Most people think of life insurance when they think about beneficiaries, however, retirement and investment accounts require an assignment of a beneficiary or a Transfer on Death (TOD) agreement to designate how your assets should be distributed for each account.

A contingent beneficiary is a back-up or secondary beneficiary who receives the assets/money when the primary beneficiary has passed away.   If you do not have contingent beneficiaries designated, please make sure you have a valid will in place to provide direction for your estate and to prevent the need for a court to decide who receives your assets.  It is important to note that assigning a will as beneficiary is not advised and is often not accepted.  If you do not have beneficiaries designated, then in some cases a surviving spouse will become the default beneficiary and in others, the assets will be paid to your estate.  When assets are paid to an estate, a will becomes very important in specifying how the money is to be distributed.  In the absence of a valid will, usually a court will decide where your assets go.    

Minor children generally cannot collect as beneficiaries until they are 18 in most states.  If you need to provide for a minor child, you will need to assign a custodian or establish a trust to manage the money until the child turns 18 – and probably should establish a desired guardian for the child.  If you fail to do so, then again a court will likely be making decisions, and different parties may end up fighting over what is best for the children in the absence of your guidance.

It is important to review your beneficiaries regularly, particularly when your life circumstances change; such as a marriage, a divorce, the birth or death of a child/grandchild, or the death of a spouse.  Beneficiary designations can be much more complex than most people realize because of the many curve balls life may throw us at any given time.  It is often difficult for us to think about all the possibilities, but something you should give careful consideration to when making beneficiary designations.   

Some of those difficult “curve ball” questions to consider:  

• My beneficiary is my spouse, but what happens if my spouse predeceases me and I have no will?

• What happens if I have my husband listed as my beneficiary, and he dies just days after me.  Will my children from a prior marriage be excluded from receiving any of my assets?

• I am leaving my assets split equally amongst my three adult children.  What if one of my children predeceases me?  Will my assets then be divided between only my two remaining children, with my grandchildren from my deceased child being fully excluded from any inheritance? 

• My husband and I have “his, hers and ours” children due to prior marriages.  How can we ensure all of our children will be taken care of until they are adults if one of us dies?   

• I am leaving my assets to my only child, who is in an unstable marriage with children.  If I die, will my child’s spouse then receive, through divorce, half of the assets I intended for my child and grandchildren?

• How can I ensure my minor children will be provided for until they are adults in any given situation, upon my death?  

• Will my children be mature and responsible enough at age 18 or even at points thereafter to manage a sudden inheritance?  Will my lifetime of accumulated assets be spent frivolously in a very short time period?

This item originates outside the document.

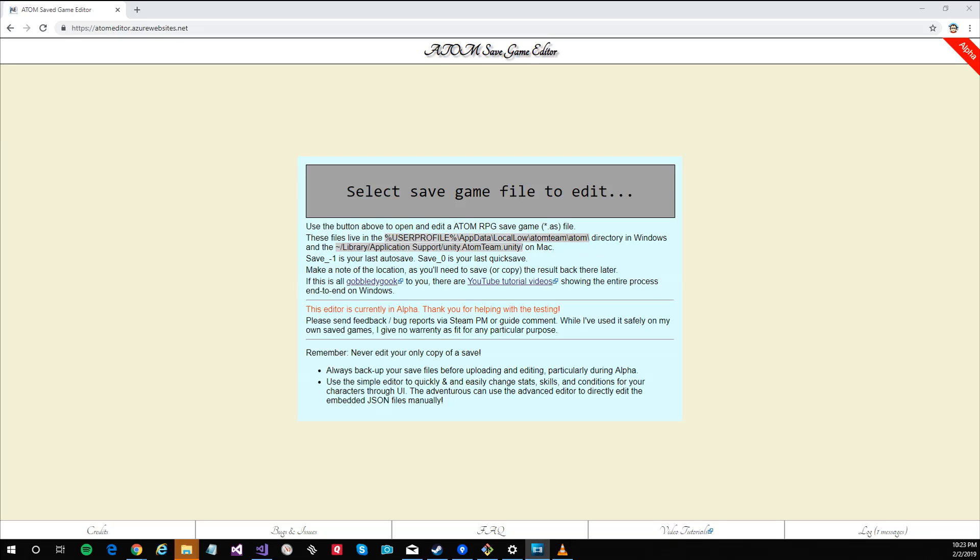In this video I'm going to show you how to use the advanced editor to edit the JSON that's embedded directly in saved game files.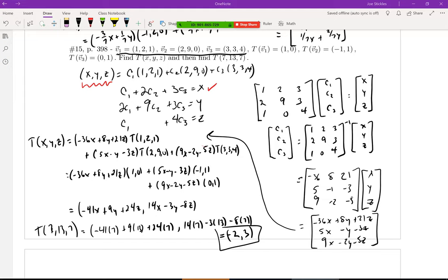If we had a computer algebra system I'd pop it in there, but since we don't, the easiest way with a TI-84 is to set this up as a matrix equation, find the inverse of the matrix, and then multiply it by x, y, z — since the TI-84 can do inverses. So if you type in the matrix 1,2,3 / 2,9,3 / 1,0,4 and take its inverse, you get the matrix shown. Then multiply the matrices together — take the first row times the column and so on — to get the expressions for c1, c2, c3.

These are just a few examples of the many challenging questions you may need to be asking when thinking about to whom and how your beneficiaries should be designated.  If you need guidance on these types of decisions, or wish to clarify your current beneficiary designations, please feel free to contact our office at 770.931.1414 to ask questions or to schedule a complimentary call or meeting for more in-depth discussion.  We also strongly suggest you seek the advice of an estate planning attorney to create a valid will and guide you through the options available to solve for these types of potential situations.   

Roger S. Green is a registered Representative with Cetera Advisors LLC, member FINRA/SIPC, with Green Financial Resources, LLC located at 3700 Crestwood Parkway, Duluth, GA 30096. Neither Green Financial nor Gwinnett Technical College is affiliated with Cetera Advisors LLC. Hear more “Your Green”, Saturdays at 3PM, on WNIV 970 AM or live at http://www.faithtalk970.com. Visit Roger’s website at http://www.rogersgreen.com.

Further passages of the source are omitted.